[llvm] r217674 - [ARM] Teach the cost model that cross-class copies are costly.
James Molloy
james.molloy at arm.com
Fri Sep 12 06:29:40 PDT 2014
Author: jamesm
Date: Fri Sep 12 08:29:40 2014
New Revision: 217674
URL: http://llvm.org/viewvc/llvm-project?rev=217674&view=rev
Log:
[ARM] Teach the cost model that cross-class copies are costly.

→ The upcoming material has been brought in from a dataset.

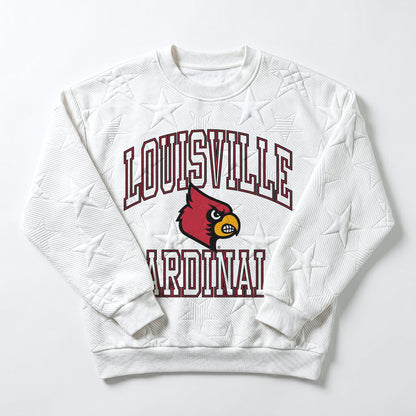 LOUISVILLE CARDINALS BIG PLAY ENERGY EMBOSSED STAR CREWNECK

Cross-class copies being expensive is actually a trait of the microarchitecture, but as I haven't yet seen an example of a microarchitecture where they're cheap it seems best to just enable this by default, covering the non-mcpu build case.
Modified:
llvm/trunk/lib/Target/ARM/ARMTargetTransformInfo.cpp
llvm/trunk/test/Analysis/CostModel/ARM/cast.ll
Modified: llvm/trunk/lib/Target/ARM/ARMTargetTransformInfo.cpp
URL: http://llvm.org/viewvc/llvm-project/llvm/trunk/lib/Target/ARM/ARMTargetTransformInfo.cpp?rev=217674&r1=217673&r2=217674&view=diff
==============================================================================
--- llvm/trunk/lib/Target/ARM/ARMTargetTransformInfo.cpp (original)

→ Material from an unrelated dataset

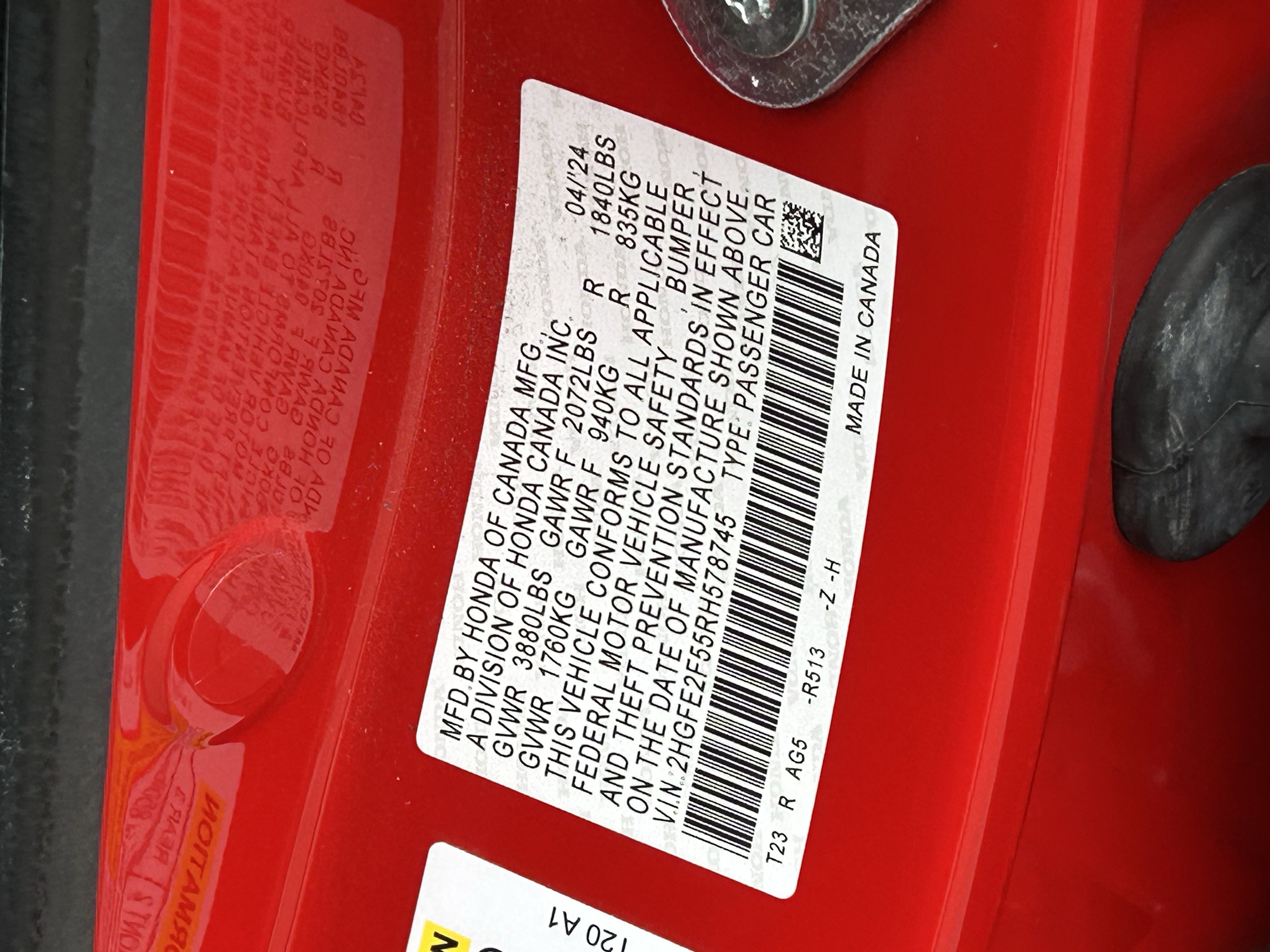 Certified 2024 Honda Civic Sport image 30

+++ llvm/trunk/lib/Target/ARM/ARMTargetTransformInfo.cpp Fri Sep 12 08:29:40 2014
@@ -390,6 +390,13 @@ unsigned ARMTTI::getVectorInstrCost(unsi
ValTy->getScalarSizeInBits() <= 32)
return 3;
+ // Cross-class copies are expensive on many microarchitectures,
+ // so assume they are expensive by default.
+ if ((Opcode == Instruction::InsertElement ||
+ Opcode == Instruction::ExtractElement) &&
+ ValTy->getVectorElementType()->isIntegerTy())
+ return 3;
+
return TargetTransformInfo::getVectorInstrCost(Opcode, ValTy, Index);
}
Modified: llvm/trunk/test/Analysis/CostModel/ARM/cast.ll
URL: http://llvm.org/viewvc/llvm-project/llvm/trunk/test/Analysis/CostModel/ARM/cast.ll?rev=217674&r1=217673&r2=217674&view=diff
==============================================================================
--- llvm/trunk/test/Analysis/CostModel/ARM/cast.ll (original)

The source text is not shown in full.